Mi's Story
I don’t know how to read. I can speak a little English. My name is Mi like my song. I sing for tourists when they come to Sapa.
My village is a two-hour walk away. My tribe is the Hmong people. We have lived in the mountains of northwest Vietnam for many years. I don’t know how many. My grandfather lived 120 years and my grandmother 110. I am between about 8.
My mother is Sa. I learned English from tourists who came here before I was born yesterday. They come to hike in the mountains, relax and do a home stay in my village. Maybe you want to know why I can’t read.
I don’t go to school. My mother says I need to make money. She says I need to help our family so I walk to Sapa and sell handicrafts we make. Sometimes I stay in Sapa with my friends. I go to school sometimes and I like it. I have friends there, get to play, have fun and learn new things.

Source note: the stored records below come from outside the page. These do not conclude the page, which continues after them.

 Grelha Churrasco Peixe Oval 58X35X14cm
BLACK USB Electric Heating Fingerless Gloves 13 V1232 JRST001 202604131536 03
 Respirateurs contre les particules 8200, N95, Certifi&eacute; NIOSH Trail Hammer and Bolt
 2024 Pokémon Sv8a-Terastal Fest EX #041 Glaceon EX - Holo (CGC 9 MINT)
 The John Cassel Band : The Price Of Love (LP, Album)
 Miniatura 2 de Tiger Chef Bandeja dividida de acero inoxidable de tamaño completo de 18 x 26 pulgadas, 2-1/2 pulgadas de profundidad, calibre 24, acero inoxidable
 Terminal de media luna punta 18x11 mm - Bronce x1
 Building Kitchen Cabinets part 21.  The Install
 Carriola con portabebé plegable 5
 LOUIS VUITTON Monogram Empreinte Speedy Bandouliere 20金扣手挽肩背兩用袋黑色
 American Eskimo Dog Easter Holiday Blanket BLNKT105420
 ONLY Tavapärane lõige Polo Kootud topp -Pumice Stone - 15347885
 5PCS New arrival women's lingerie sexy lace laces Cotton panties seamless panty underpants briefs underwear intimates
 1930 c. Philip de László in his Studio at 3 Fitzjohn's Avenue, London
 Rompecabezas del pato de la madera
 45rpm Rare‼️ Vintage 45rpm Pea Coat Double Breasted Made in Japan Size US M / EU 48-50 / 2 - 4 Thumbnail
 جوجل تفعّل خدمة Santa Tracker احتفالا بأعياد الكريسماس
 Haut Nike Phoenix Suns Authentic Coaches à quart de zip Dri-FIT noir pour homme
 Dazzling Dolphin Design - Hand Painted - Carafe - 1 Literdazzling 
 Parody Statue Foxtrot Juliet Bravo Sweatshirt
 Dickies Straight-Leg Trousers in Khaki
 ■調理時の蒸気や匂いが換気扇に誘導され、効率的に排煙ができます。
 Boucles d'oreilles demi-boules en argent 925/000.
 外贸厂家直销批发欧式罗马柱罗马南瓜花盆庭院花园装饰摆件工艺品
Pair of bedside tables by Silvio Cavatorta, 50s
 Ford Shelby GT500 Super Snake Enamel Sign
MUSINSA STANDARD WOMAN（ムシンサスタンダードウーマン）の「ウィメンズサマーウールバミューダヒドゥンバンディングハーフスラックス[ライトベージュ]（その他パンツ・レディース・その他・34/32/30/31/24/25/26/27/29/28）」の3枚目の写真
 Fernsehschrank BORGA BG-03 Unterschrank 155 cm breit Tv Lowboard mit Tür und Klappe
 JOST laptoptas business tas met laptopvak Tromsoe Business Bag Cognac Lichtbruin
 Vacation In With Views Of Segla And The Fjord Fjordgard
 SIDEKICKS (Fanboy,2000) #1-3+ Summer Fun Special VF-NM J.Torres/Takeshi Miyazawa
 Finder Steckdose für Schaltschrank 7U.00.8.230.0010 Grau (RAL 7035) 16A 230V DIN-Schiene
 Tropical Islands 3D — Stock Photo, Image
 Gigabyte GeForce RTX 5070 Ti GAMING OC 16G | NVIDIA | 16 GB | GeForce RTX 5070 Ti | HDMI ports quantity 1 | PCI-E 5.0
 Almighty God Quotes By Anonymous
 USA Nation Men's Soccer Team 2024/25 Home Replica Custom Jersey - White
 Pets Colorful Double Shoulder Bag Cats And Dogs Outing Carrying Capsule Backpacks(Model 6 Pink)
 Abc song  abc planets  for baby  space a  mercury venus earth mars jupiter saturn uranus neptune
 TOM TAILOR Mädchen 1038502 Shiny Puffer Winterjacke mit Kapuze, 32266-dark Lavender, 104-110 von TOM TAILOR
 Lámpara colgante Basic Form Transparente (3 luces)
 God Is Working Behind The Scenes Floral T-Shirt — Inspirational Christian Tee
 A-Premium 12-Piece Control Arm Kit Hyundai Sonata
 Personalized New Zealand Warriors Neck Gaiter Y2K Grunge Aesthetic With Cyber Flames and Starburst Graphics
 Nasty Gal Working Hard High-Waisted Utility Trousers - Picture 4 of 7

I like speaking English with the tourists. My real school is on the street.
Sometimes I lie to the tourists and tell them I go to school. I went to my village school for nine years. That’s it, that’s all the years I have there. I am finished. My formal education runs into a problem. It’s called M-o-n-e-y.
The school in Sapa costs too much money. I have little chance now. But it’s OK because I can stay in a room in Sapa with other girls so I don’t have to walk for two hours. And then I can meet tourists outside their hotel or restaurant or when they are walking around and I can sell my things to them.
When I am older I can take them to my village for a home stay. This is what older Hmong girls do. It’s a good chance for me to speak English and even learn some French.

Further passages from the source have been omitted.